Although rejected by international law, China claims a 200 mile economic exclusion zone that reaches into the South China Sea, the Yellow Sea, and the Sea of Japan. They’ve built the world’s largest fleet of diesel submarines, are building an amphibious fleet modeled after Marine-Navy amphibious doctrine, and now have one aircraft carrier at sea and are planning another. They’re beginning to “project power,” American-style, except without the Marine-Navy uses the ‘soft power’ of humanitarian assistance and disaster relief, police & Customs training, and quick medical treatments that makes an American presence requested instead of feared - hence the brilliance of Obama’s pact with Australia.

The key to Asia is relationship-building, and nothing builds long-term relationships more than a three-ship Marine Expeditionary Unit (MEU) sitting offshore with fresh water capacity, operating rooms, and an ability to deliver emergency supplies by air or sea…think 2010 in northern Japan following their crippling tsunami, 2008-Burmese typhoon, 2007-Bangladesh typhoon, 2004-Indonesia, Thailand, Sri Lanka following the Christmas Eve tsunami. The goodwill built by 19-21 year-old Lance Corporals handing out boxes of M.R.E’s and bottled water to the stricken residents of Bangladesh while a 25-yr old Corpsman treats a baby is priceless…this is the ‘soft power’ of public opinion the Chinese fear because they cannot duplicate it.
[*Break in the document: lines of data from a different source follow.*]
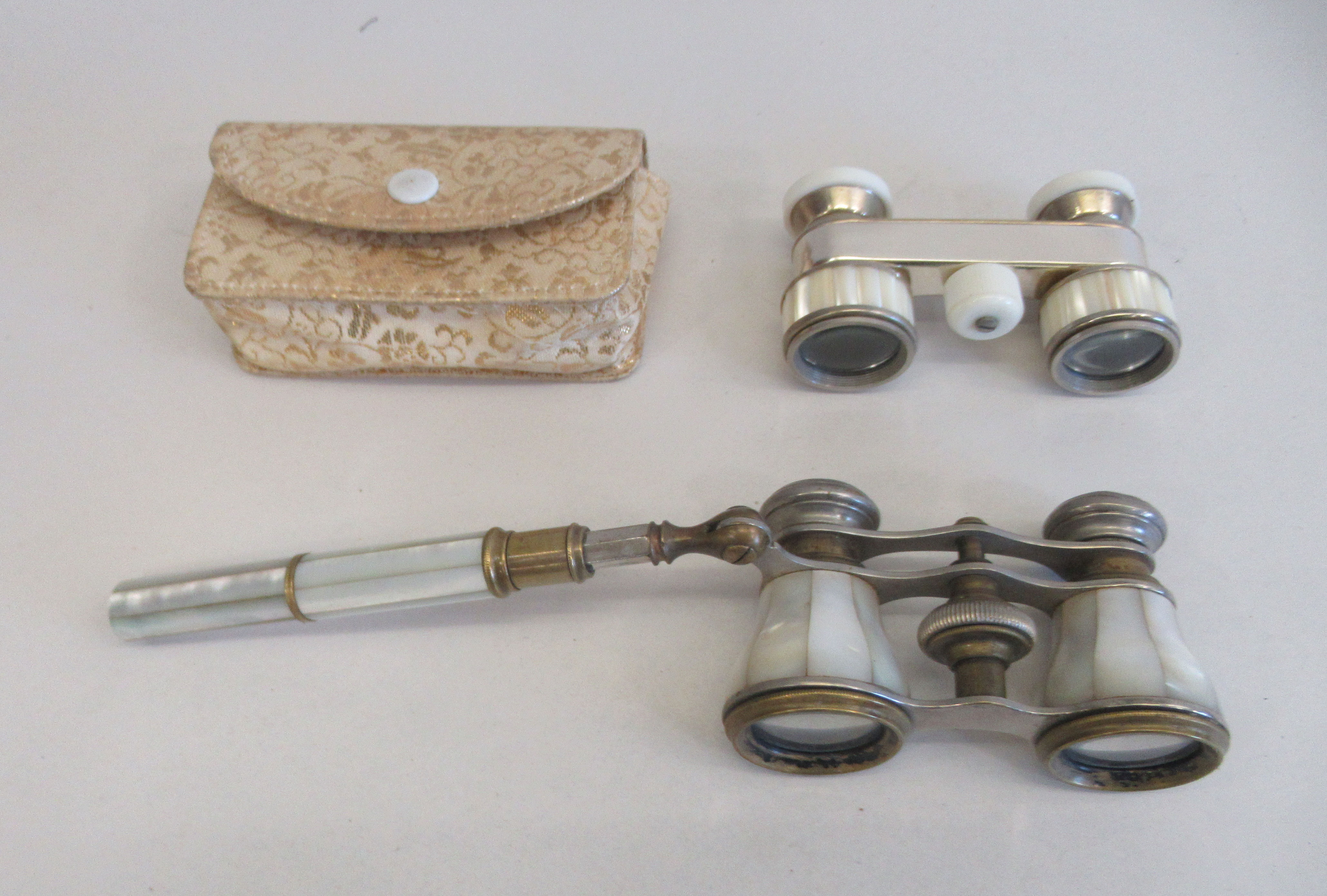 Late 19thC and later tortoiseshell, mother-of-pearl and other opera glasses and lorgnettes - Image 6 of 6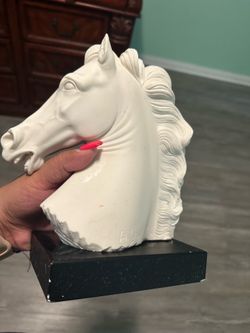 Horse Head Sculpture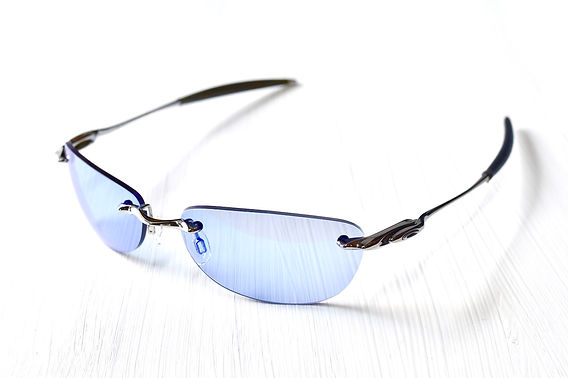 【Oakley】 オークリー サングラス Why8 【廃盤品】 オークリー生産終了モデルのサングラス・ホワイシリーズ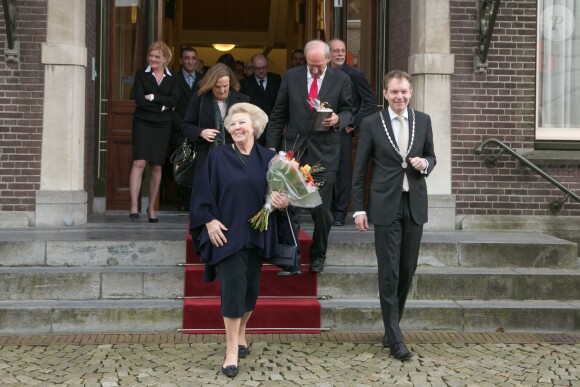 La princesse Beatrix des Pays-Bas, radieuse, s'est formellement enregistrée comme résidente à la mairie de la municipalité de Baarn, le 4 février 2014. L'ancienne reine, qui a abdiqué le 30 avril 2013 après 33 ans de règne au profit de son fils Willem-Alexander, revient s'installer au château de Drakensteyn, à Lage Vuursche.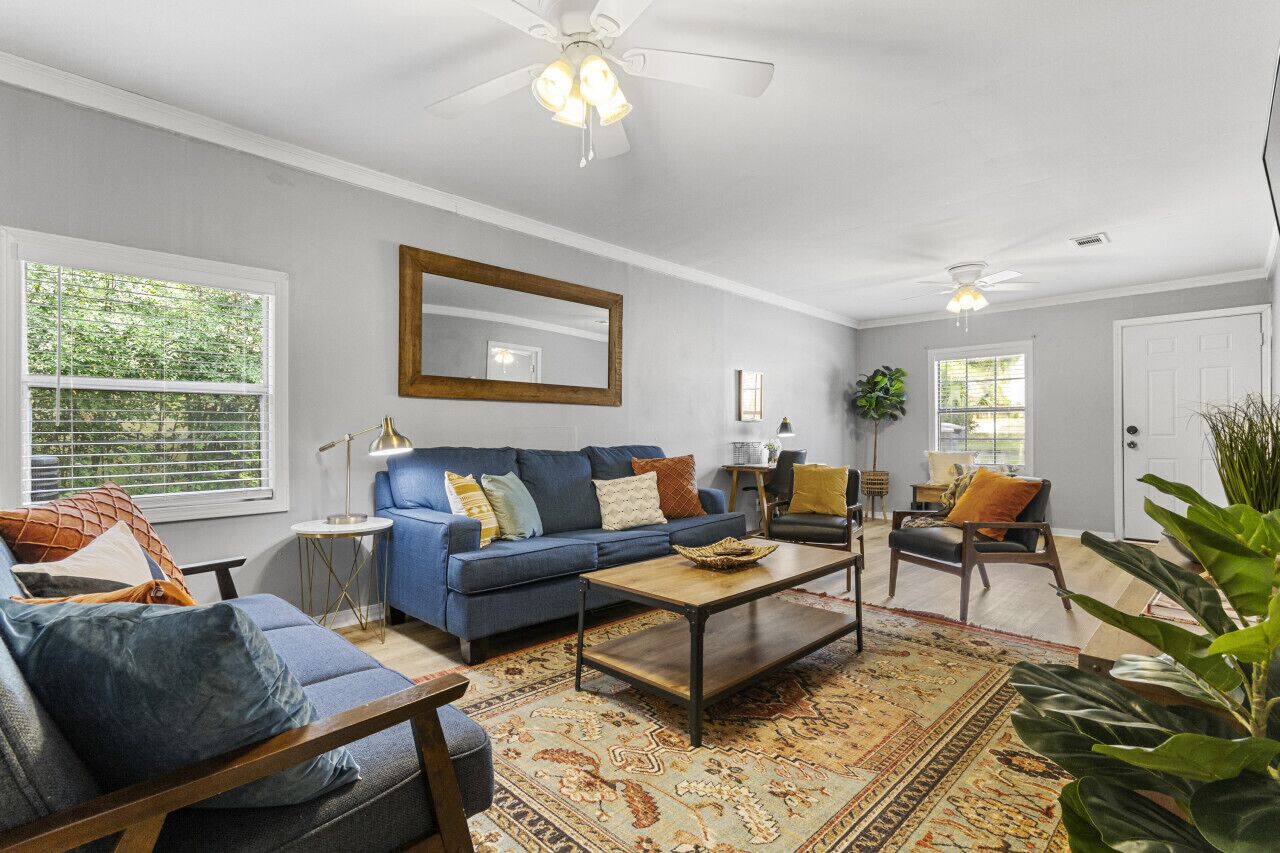 Cozy two bedroom duplex, free parking onsite, close to shopping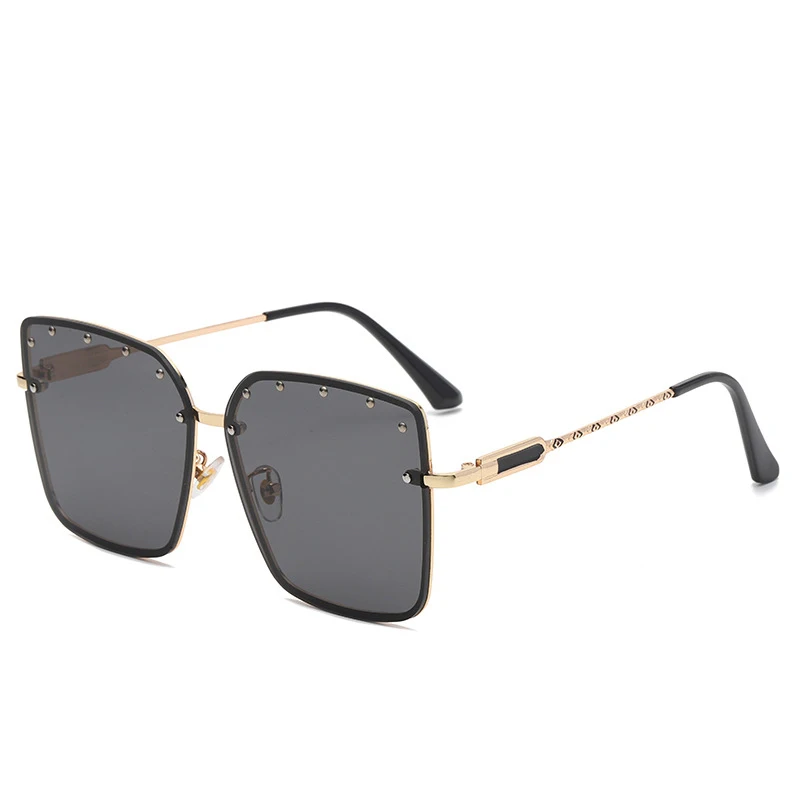 2022 New European and American Fashion Big Square Sunglasses Rivet Rimless Glasses Sunshade Sunglasses
2022 New European and American Fashion Big Square Sunglasses Rivet Rimless Glasses Sunshade Sunglasses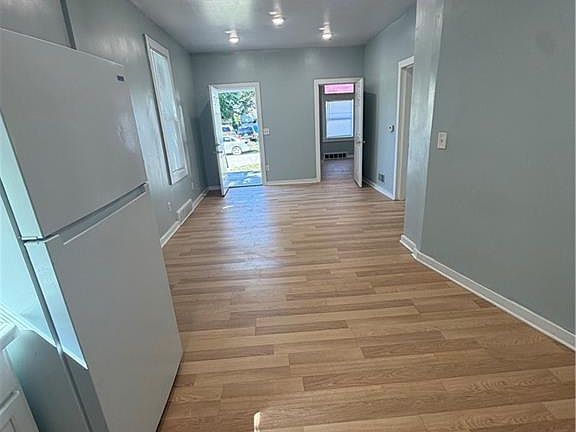 5th image of 815 S 21st St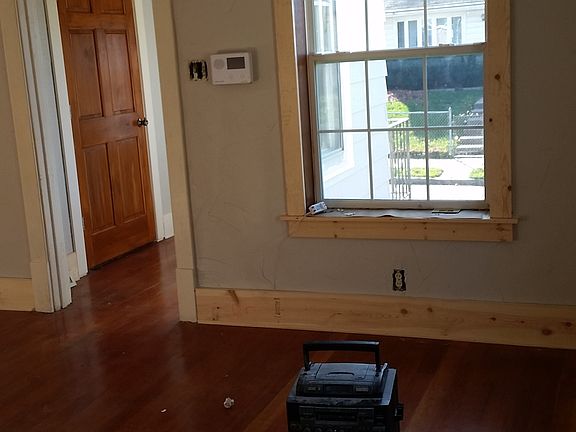 3rd image of 4427 16th Ave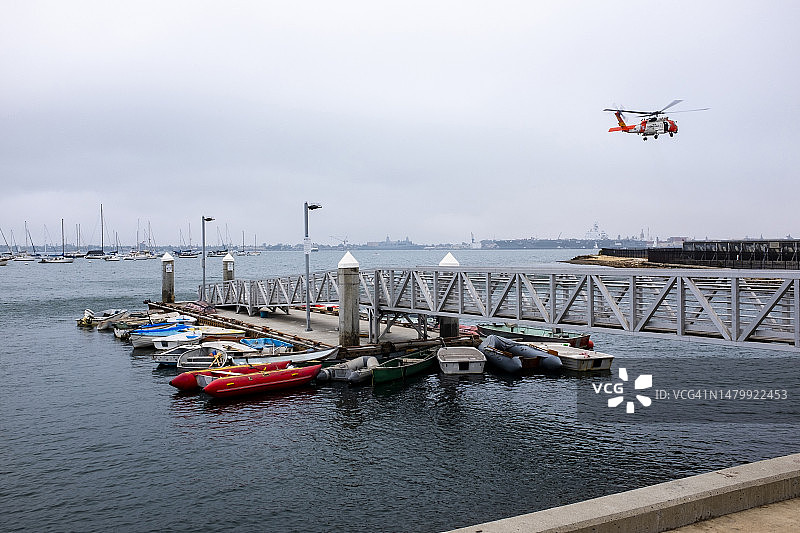 美国海岸警卫队飞行表演图片素材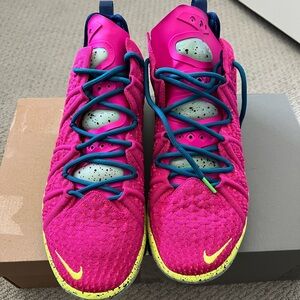 Nike LeBron 18 "Los Angeles By Night"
The likely-hood of a shooting war with China is remote; both counties need each other economically, and both know it. Instead, the upcoming struggle will be a “war of influence,” as both sides seek to sway local populace and governments. Vietnam, the Philippines, Taiwan Malaysia, and Brunei are also claimants to the South China Sea, the major route to U.S. $ 5 trillion in annual trade which makes freedom of the sea a major concern.

China’s Navy has become increasingly belligerent in the past three years; in addition to their regular claim to the energy-rich Spratley Islands, their Navy-escorted fishing fleet has become increasingly confrontational as it uses the 200-mile Economic Exclusion Zone subterfuge to fish in S. Korean, Philippine, and other Asian waters. While the ASEAN-zone countries are bolstering their navies to counter this Chinese threat, these are small countries and their build-up is limited to a few additional submarines and destroyer-escort sized ships. The Chinese know this, which is why they prefer bi-lateral talks in which they use their military and economic muscle to their advantage – hence it’s the physical presence of a Marine Expeditionary Unit backed up if necessary by conventional air power flying from Australia that reassures our Asian allies as to the depth of America’s commitment to regional security and stability.

The quickest, most effective, and most inexpensive response to a crisis has not been a U.S. Navy carrier battle group lying far over the horizon, but rather has been the very visible presence of a MEU sitting offshore with Marines providing humanitarian aid into a disaster zone or interacting with local citizens. The Obama-Gillard announcement stationing Marinews in Australia provides proof positive that the United States remains able and willing to provide an immediate and influential regional presence.